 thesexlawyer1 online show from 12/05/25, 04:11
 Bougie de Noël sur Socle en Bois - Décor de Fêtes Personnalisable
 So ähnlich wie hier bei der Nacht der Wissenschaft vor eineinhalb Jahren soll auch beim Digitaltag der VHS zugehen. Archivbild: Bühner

- Problem statement: Exactly as written, return every line of the material.

- Answer box:
 thesexlawyer1 online show from 12/05/25, 04:11
 Bougie de Noël sur Socle en Bois - Décor de Fêtes Personnalisable
 So ähnlich wie hier bei der Nacht der Wissenschaft vor eineinhalb Jahren soll auch beim Digitaltag der VHS zugehen. Archivbild: Bühner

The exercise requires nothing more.